Глава 16


Лето 1708 года, Бургундия, Франция.

В чреве «Бурлака» было тесно и тихо, если не считать остывающего, едва слышного потрескивания металла. Воздух здесь пропитался запахом окалины и той специфической, пыльной сухостью, которая неизменно поселяется в закрытых боевых машинах. Я вытянул гудящие ноги, насколько позволяло пространство. Теснота давила: каждый свободный дюйм оккупировали ящики с инструментом. Рядом лежала спящая Анна.

В углу, тускло поблескивая в полумраке, громоздилась куча искореженного железа: поршни, скрученные в узел шатуны, манометры с паутиной трещин на стеклах — выпотрошенные внутренности первого «Бурлака». Того самого, что навсегда остался гнить в лионской грязи на ничейной земле.

Память тут же, без спроса, подкинула картинку той ночи. Проливной дождь, чавкающая жижа, истеричные крики и я, стоящий по колено в болоте, дирижирующий тотальным демонтажем.

— Снимай котел! — мой голос срывался на хрип, перекрывая шум ливня. — Рви трубки!
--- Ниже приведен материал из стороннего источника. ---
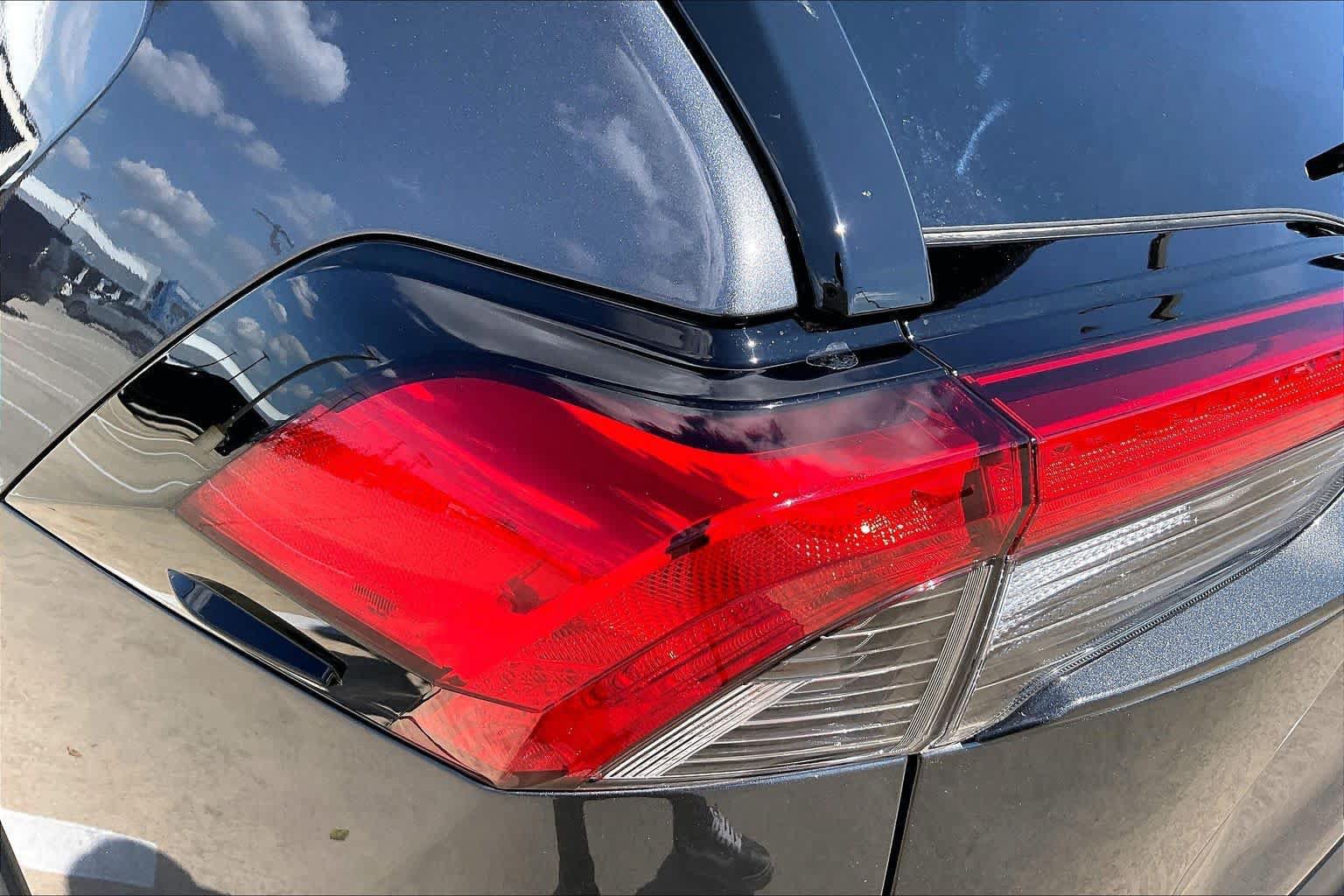 Used 2023 Toyota RAV4 XLE w/ Convenience Package AWD/4WD image 28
К черту аккуратность, ломай!

Мы выдирали сердце машины с мясом. Тяжелый медный котел мы волокли скользя и падая в грязь, чтобы зашвырнуть на телегу. Снимали оптику — бинокли, перископы. Приклады мушкетов крошили линзы прицелов в стеклянную пыль. Никаких подарков. Скрученные вентили, выбитые оси — мы оставляли выжженную землю в миниатюре.

Уничтожать свое творение — все равно что собственноручно его душить. Я знал каждый винт, а теперь превращал шедевр инженерной мысли в бессмысленный лом. Зевакамм достался только пустой стальной короб на перебитой оси — гигантская, бесполезная консервная банка. Пусть их «натурфилософы» ломают головы, пытаясь понять принцип движения, пусть строят теории о скрытых пружинах или черной магии. Технологического секретa они не получат.

Проведя ладонями по лицу, я ощутил въевшуюся в поры сажу — такую теперь песком не оттереть.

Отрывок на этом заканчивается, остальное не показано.